The terminology is weird in every book. I don't follow any certain type, but my favorite for now is Taoism Yoga inner alchemy.

-------------------

Sam s - 2014-01-13 15:05:02 - RE: Sam's practice

Rist Ei:
Its better to be not more specific because it will be a waste of energy for the reader.

What i did i read a year from morning to night every day- i didn't have a job. Pretty much everything free on a subject highest states of mind, who i am, what is Tao, Buddha etc, mystics, powers.
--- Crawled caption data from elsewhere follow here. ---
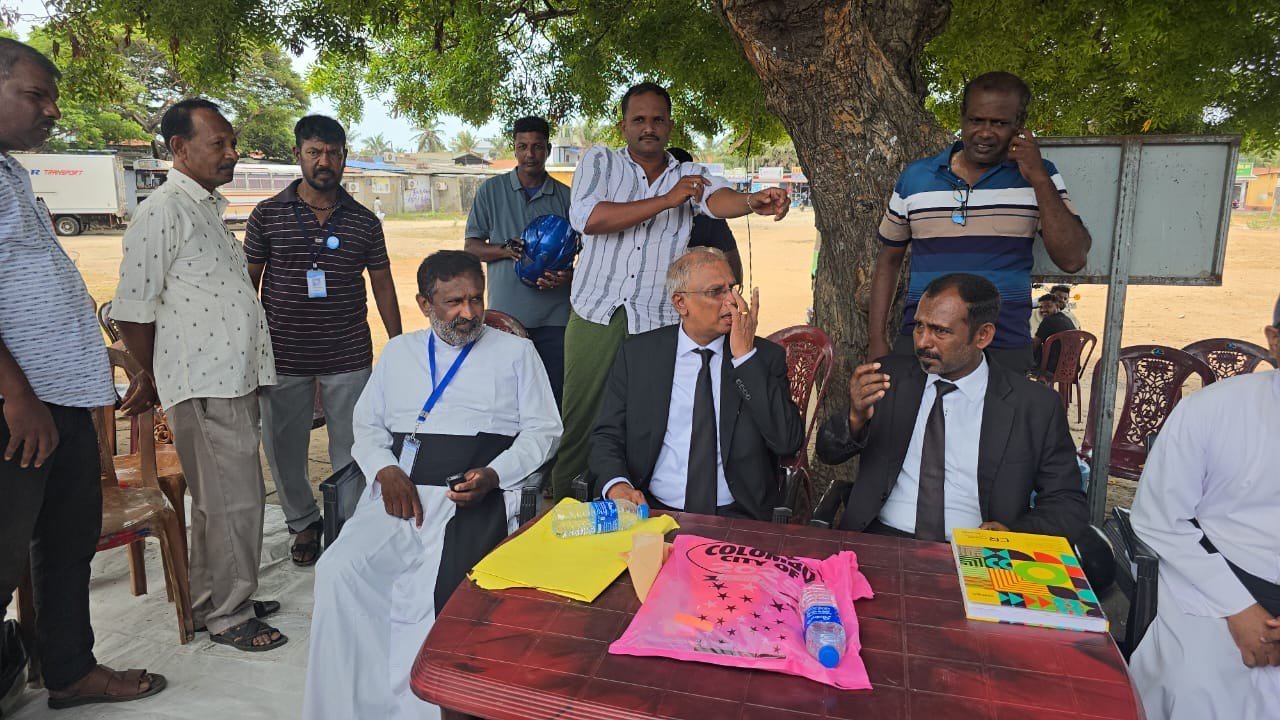 மன்னார் காற்றாலை செயற்திட்ட கட்டுமான பணிகளுக்கு தற்காலிக தடை : பொலிஸார் உத்தரவாதம்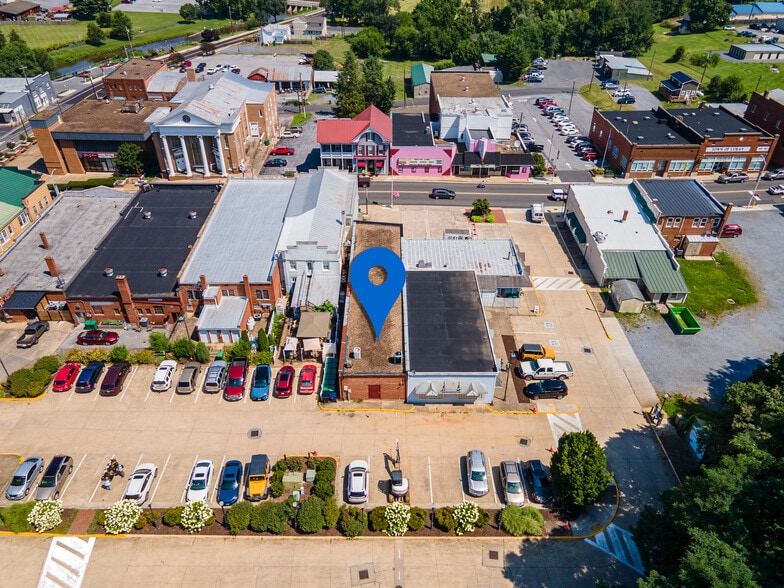 More Photos Of 30 E Main St, Luray Office For Sale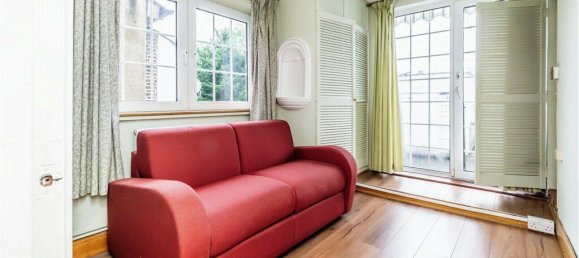 2 bedrooms Commercial property in South Croydon, United Kingdom No. 7989 10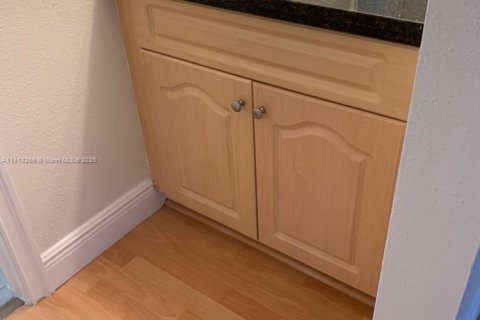 Снять в аренду кондоминиум в Санрайз, Флорида 2 спальни, 91.6м2, № 1969536 - фото 16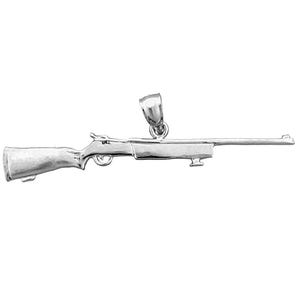 Pode incluir: Um pingente de rifle prateado com um design detalhado. O pingente apresenta um cano, gatilho e coronha, suspenso por um pequeno laço. O rifle é retratado em perfil, mostrando sua forma e design.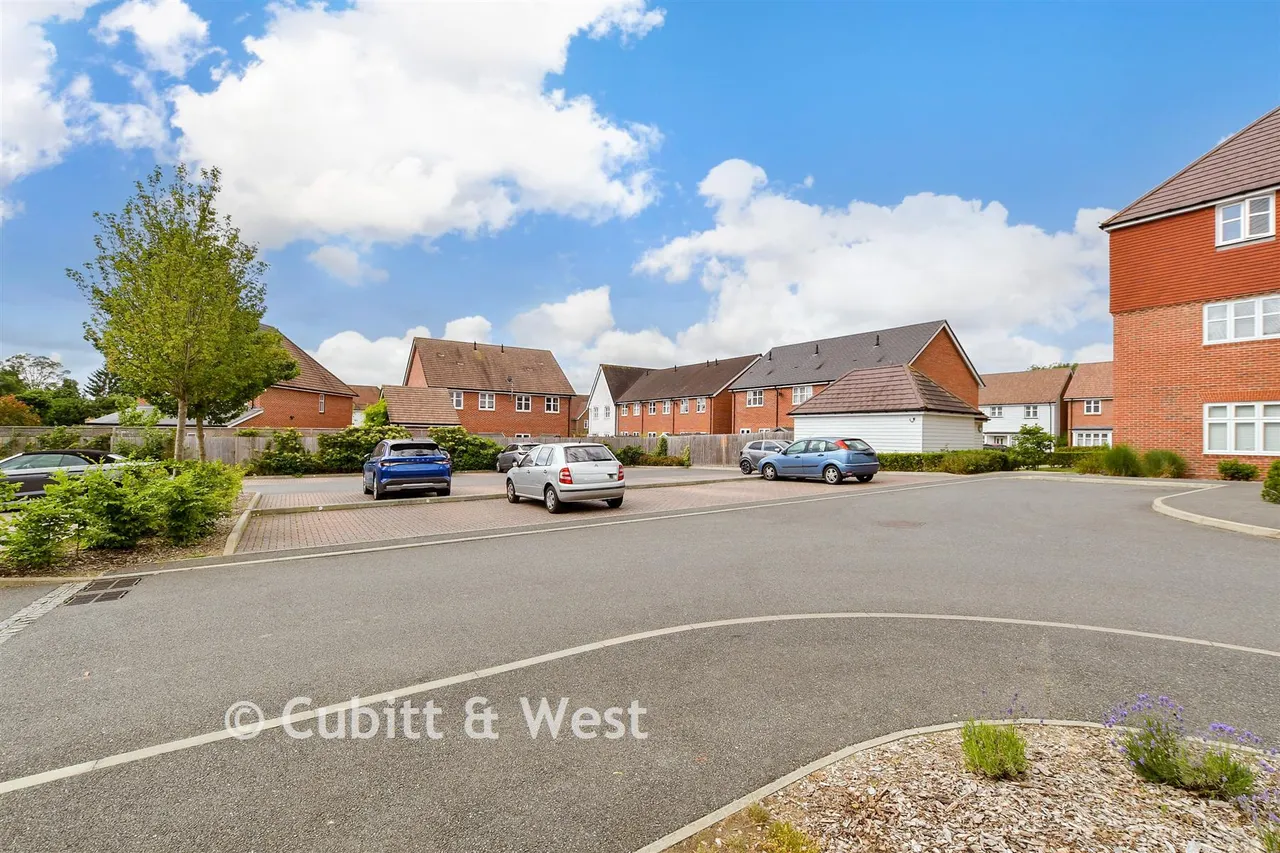 Kensett Avenue, Southwater, RH13, photo 11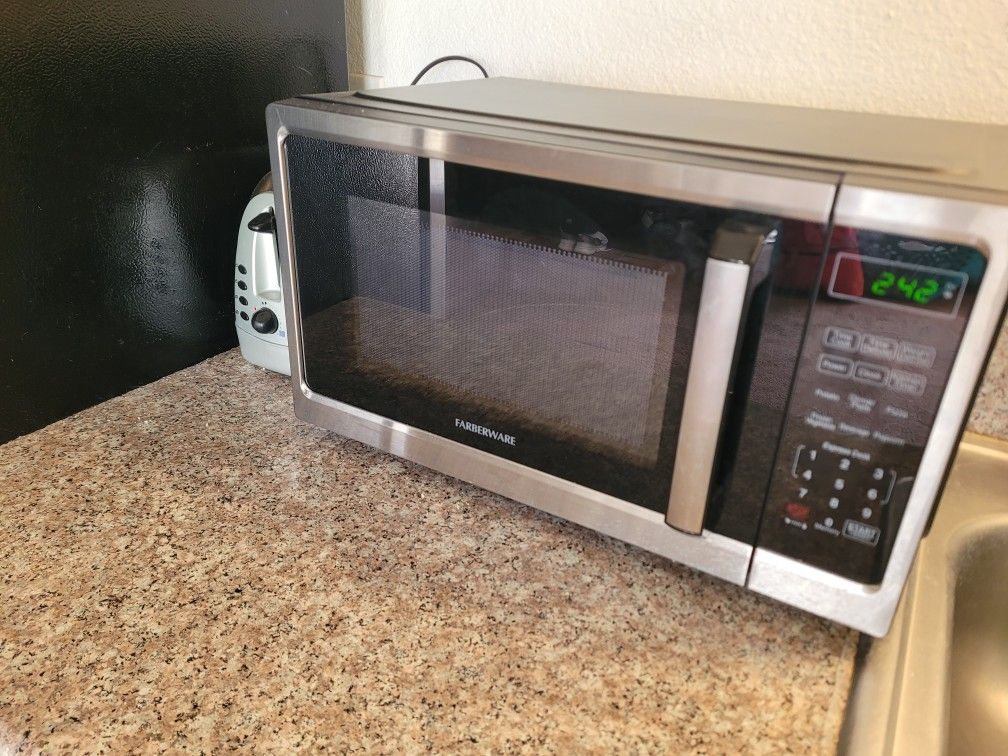 FARBERWARE MICROWAVE. 1 month old. Like new.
Noting didn't help. Actually nothing didn't help. I was clueless, so i asked inner guidance, and thinked what i really have in this moment. Pure silence. So i started cultivating that silence, i hold my attention on it(i tryed to catch it) and i succeeded at last.

It can take decades. Becasue we don't put maximum into our practice, so only 1% from hourly sitting is fruitful. But if you figure out how to take the lead and be the leader you can make 10%, so progress is 10 times faster.

The terminology is weird in every book. I don't follow any certain type, but my favorite for now is Taoism Yoga inner alchemy.


Ok thanks, well it sounds as if you found your own path.  I try that a little myself, well-read up on all the 'I am that' stuff but I found the practicality of meditation just overwhelmed it completely. Maybe coming back in for one day though. Thanks for your response.

I am working off  slow noting mostly in the body for 30 minutes per day, plus doing the occasional other concentration/other process to keep the pressures off life low. Trying to be aware when possible. 

I drop into a mushy state of 'I don't care' when noting for longish periods. I can feel the detail of my experience coming and going but concentration isn't always strong enough to note the actual end or change of a sensation. I guess this will improve over time.

-------------------

Travis Gene McKinstry - 2014-01-13 16:42:14 - RE: Sam's practice

Sam s:
Ok thanks, well it sounds as if you found your own path.  I try that a little myself, well-read up on all the 'I am that' stuff but I found the practicality of meditation just overwhelmed it completely. Maybe coming back in for one day though. Thanks for your response.

I am working off  slow noting mostly in the body for 30 minutes per day, plus doing the occasional other concentration/other process to keep the pressures off life low. Trying to be aware when possible. 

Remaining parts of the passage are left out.